Там, где было возможно, мертвых относили во двор или складывали их как бревна в воронке от взорвавшейся бомбы. Однажды в подвалах Симоновича появился врач, но он просто искал убежища во время бомбовой атаки, начавшейся в тот момент, когда он направлялся к «своему» подвалу, где его так же ждали и звали, как и здесь. Правда, он и у себя мог оказать помощь далеко не всем – страданий и боли было слишком много.
Тот, чей мозг еще работал, мог предположить, когда наступит его конец, и при этом он знал, что бессмысленно кричать и шуметь, а также сопротивляться.
Собственно, кому или чему сопротивляться?

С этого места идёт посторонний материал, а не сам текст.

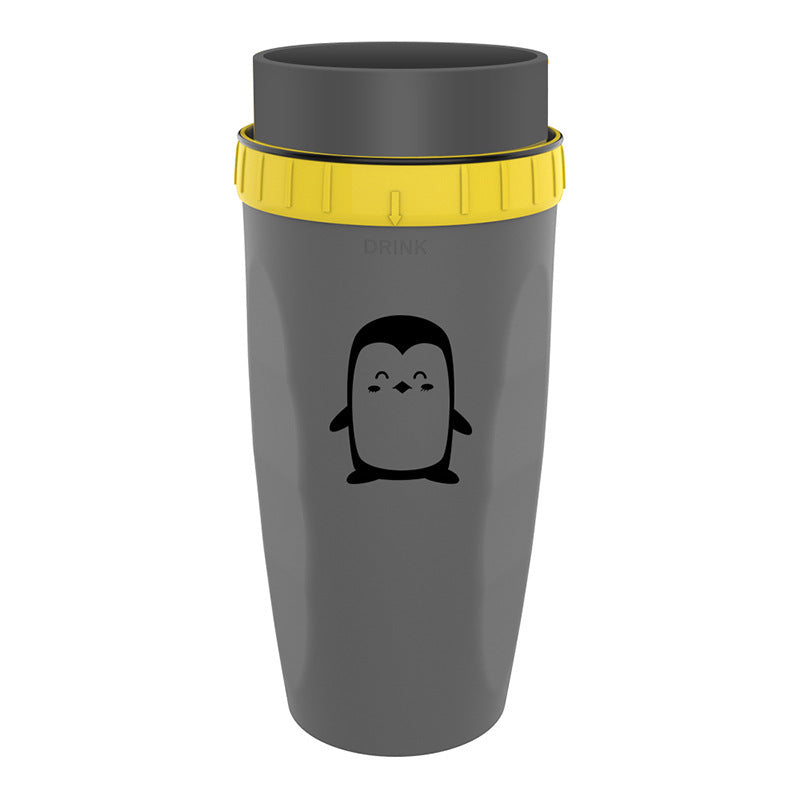 No Cover Twist Cup Travel Portable Cup Double Insulation Tumbler Straw Sippy Water Bottles Portable For Children Adults - Crownie 0 1style / 201to300ML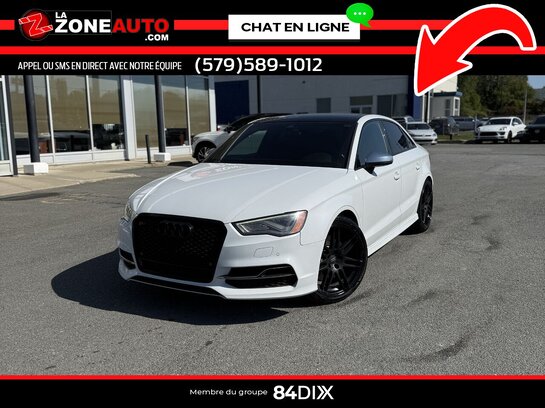 2015 Audi S3 Technik 2015 White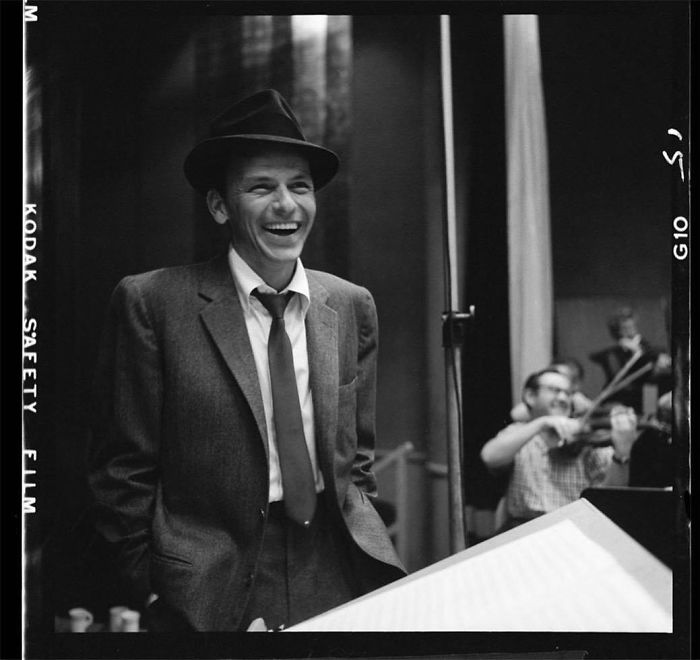 Frank Sinatra, Capitol Records, Hollywood, CA, 1956
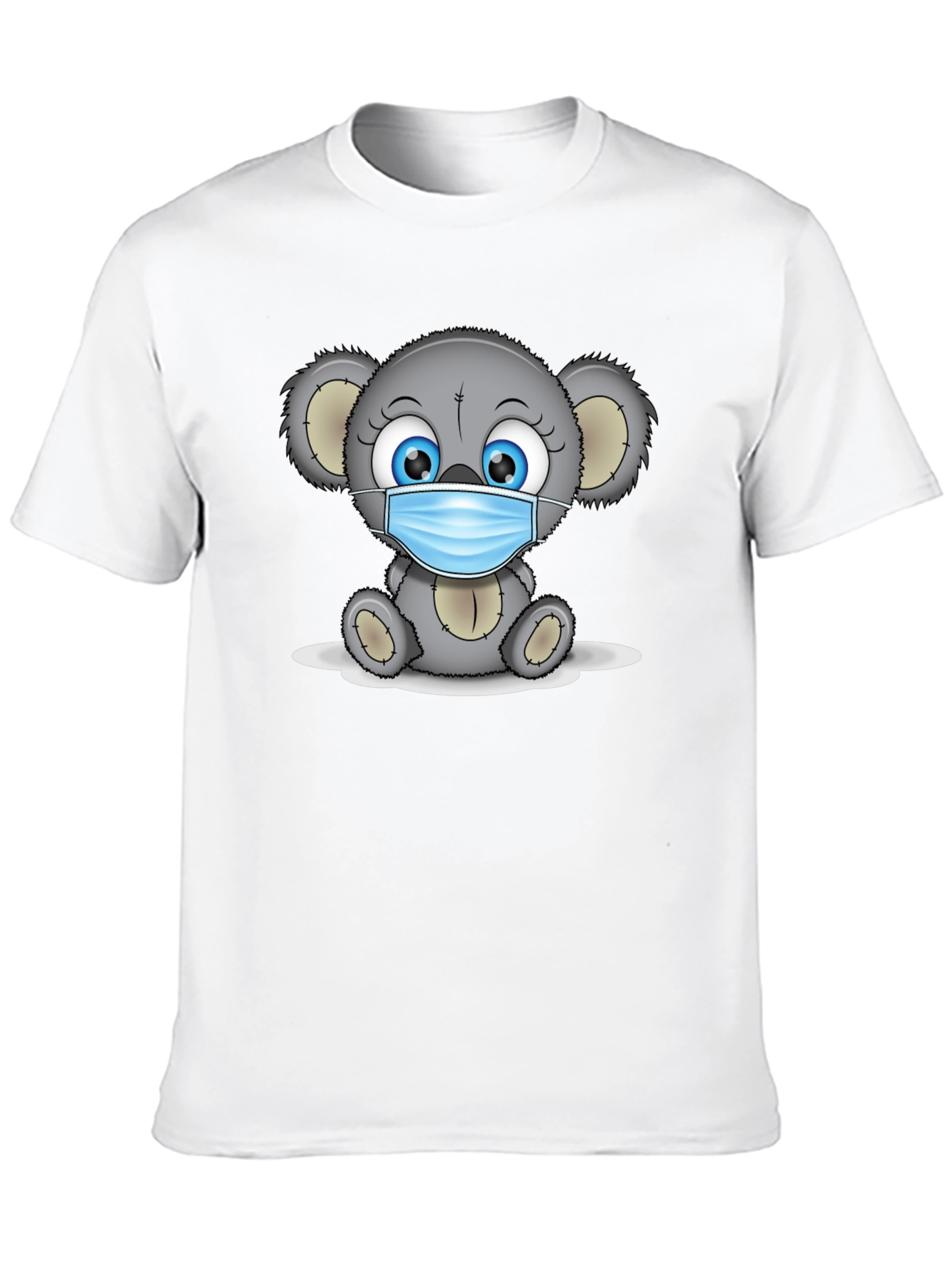 Koala Bear Mask T-Shirt - Stay Safe & Stylish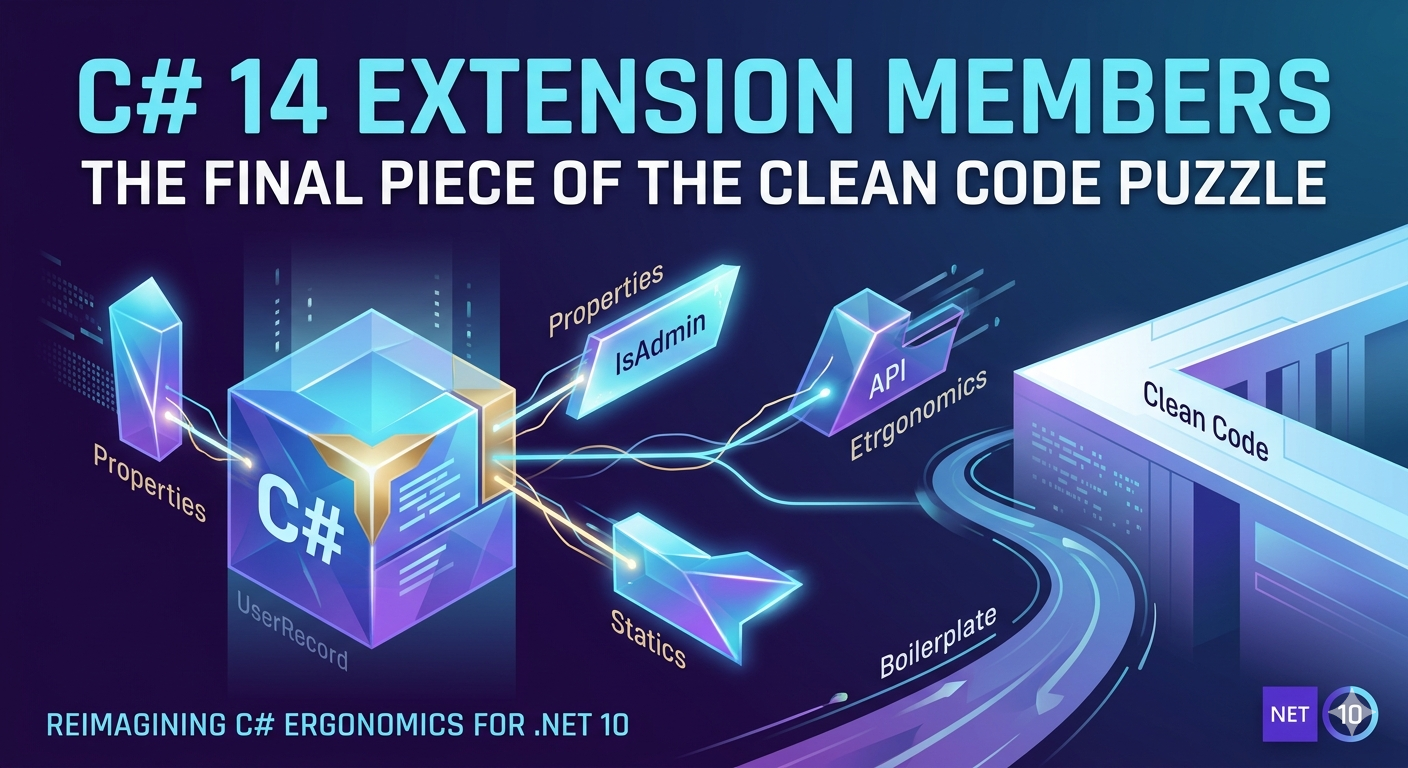 C# 14 Extension Members: The Final Piece of the Clean Code Puzzle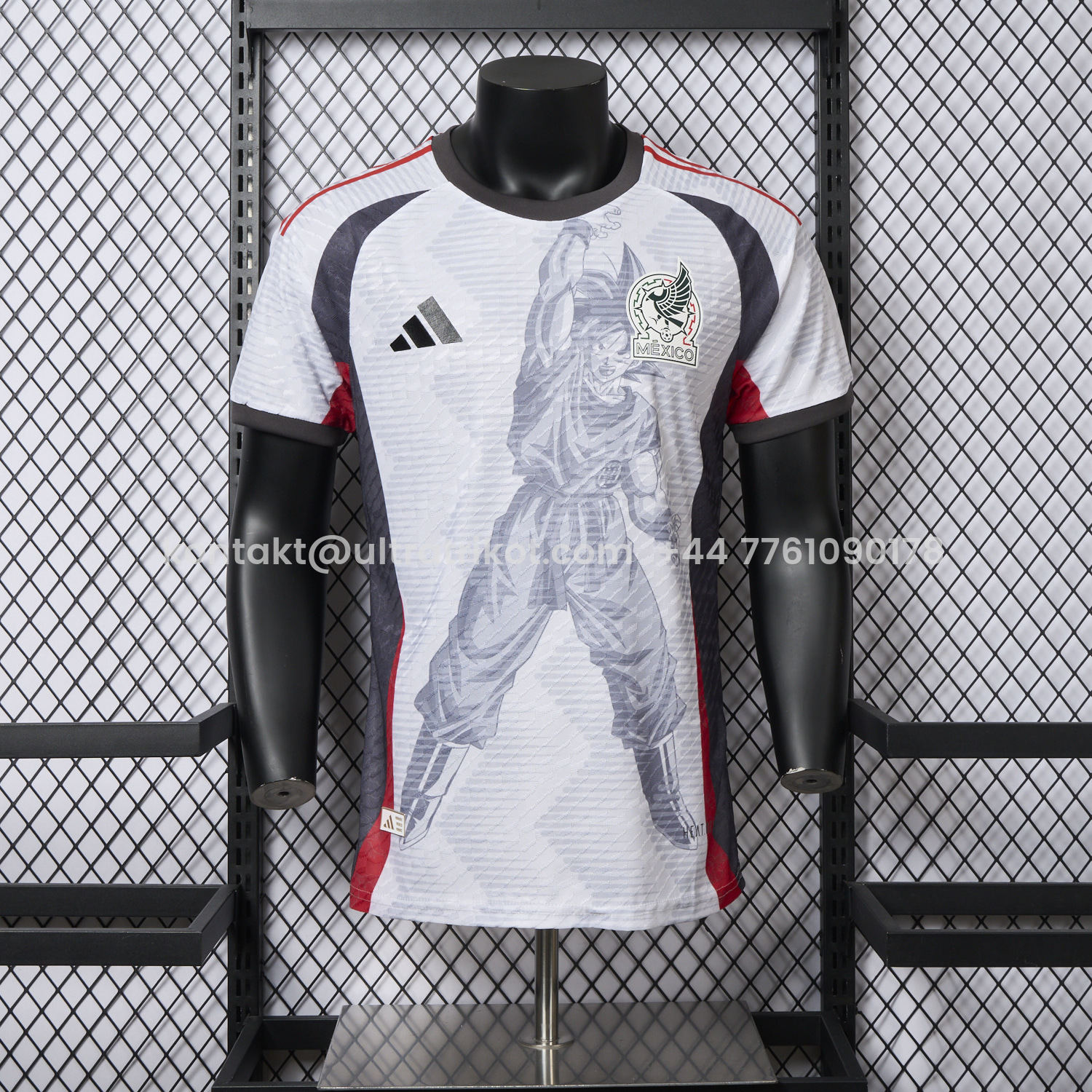 UltraTrikot-Mexico 25-26 Dragon Ball Goku Sketch White Special Jersey - Player Version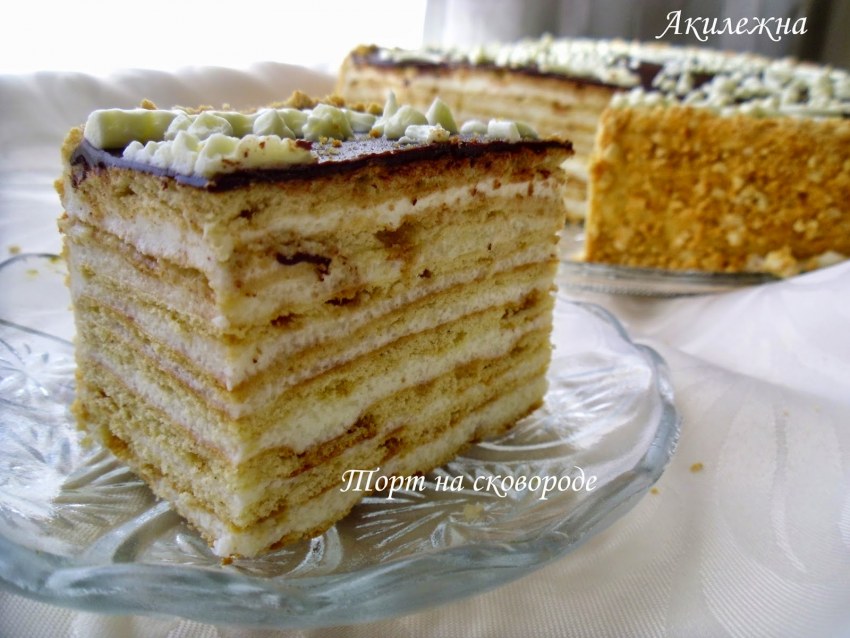 Торт любимый сметанник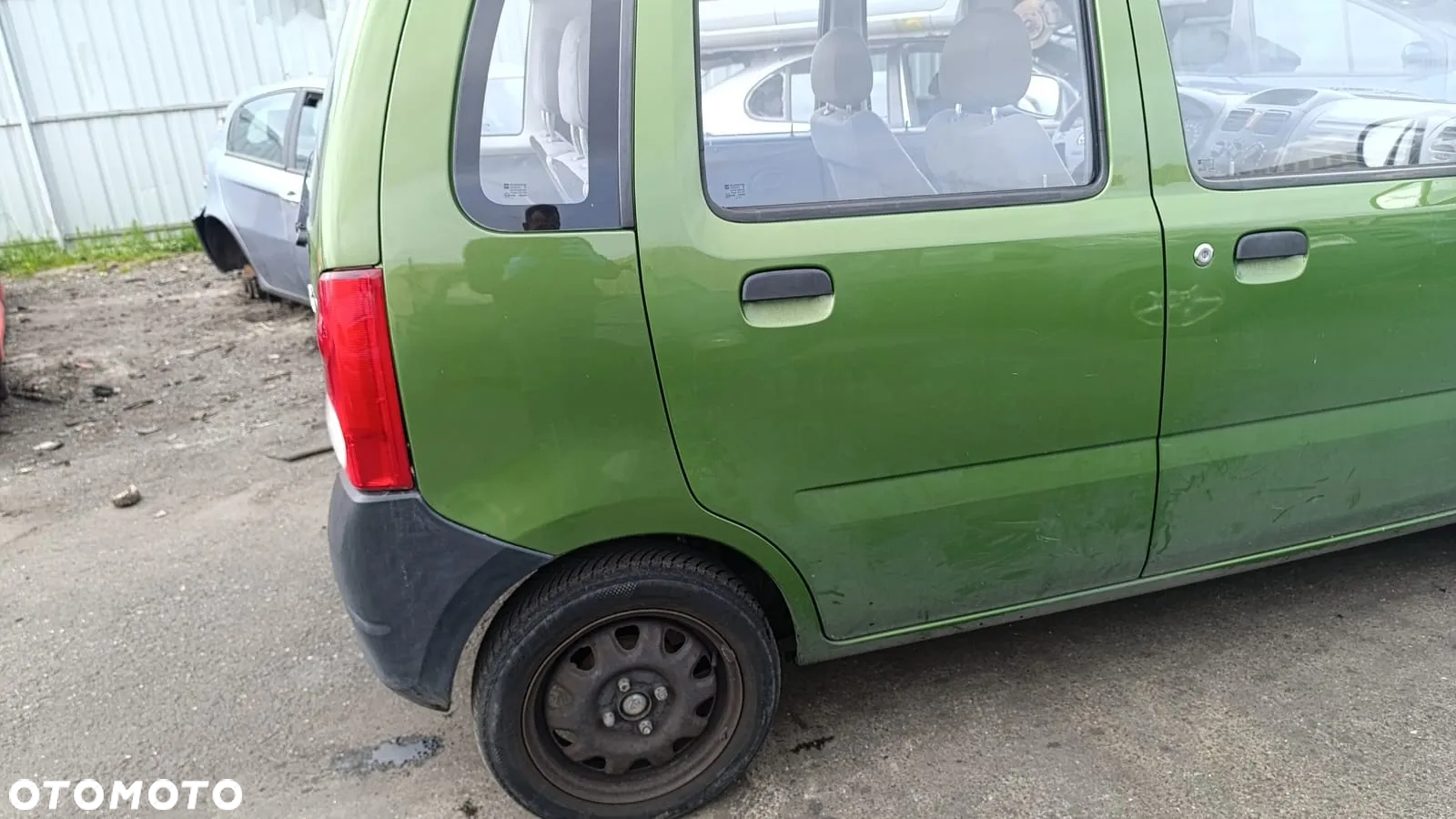 35017 opel agila 1.0 12v 58 km Z10xe na częsci lakier Z395 - 14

Умирали многие, и, прежде чем кто-либо замечал, что его сосед уже мертв, проходили часы и дни. Поскольку тела никто не выносил, их передавали от одного к другому, перекатывая, как мешки, через людей, которые еще могли подняться, через все помещение, проходы, горы лохмотьев и зловоние. Так трупы достигали стены, где их протискивали в отверстие, откуда они скатывались в воронку от двухсотпятидесятикилограммовой бомбы. В воронке уже лежали сотни трупов, среди которых попадались еще теплые тела, но они принадлежали тем, у кого уже не было сил издавать какие-либо звуки.
Перед входом в подвал Симоновича ждали уже другие и по возможности пытались проникнуть в помещение, и никого из них не удивляло, что из подвала еще ни разу никто самостоятельно не вышел – они все равно старались войти в него. Мертвых не считали и не снимали с них личные знаки, лишь иногда заглядывали в их сумки в надежде найти там немного хлеба. Никого из новичков не интересовало, от чего умер тот или иной солдат, – главное, что люди умирали быстро, а для ожидавших снаружи на ледяном ветру это означало, что каждый раз освобождалось еще одно место.
Умирали не только в подвалах Симоновича, умирали везде. По усталым, обессилевшим телам людей прокатилась волна агонии, они уже ничего не боялись. В подвалах не было ни страха, ни паники, и здесь им не приходилось быть свидетелями того, как падает дисциплина среди офицеров штабов там, на поверхности. В подвалах они уже не держали палец на спусковом крючке и уже не сидели в своих ледяных норах, как те, у которых закончились последние патроны.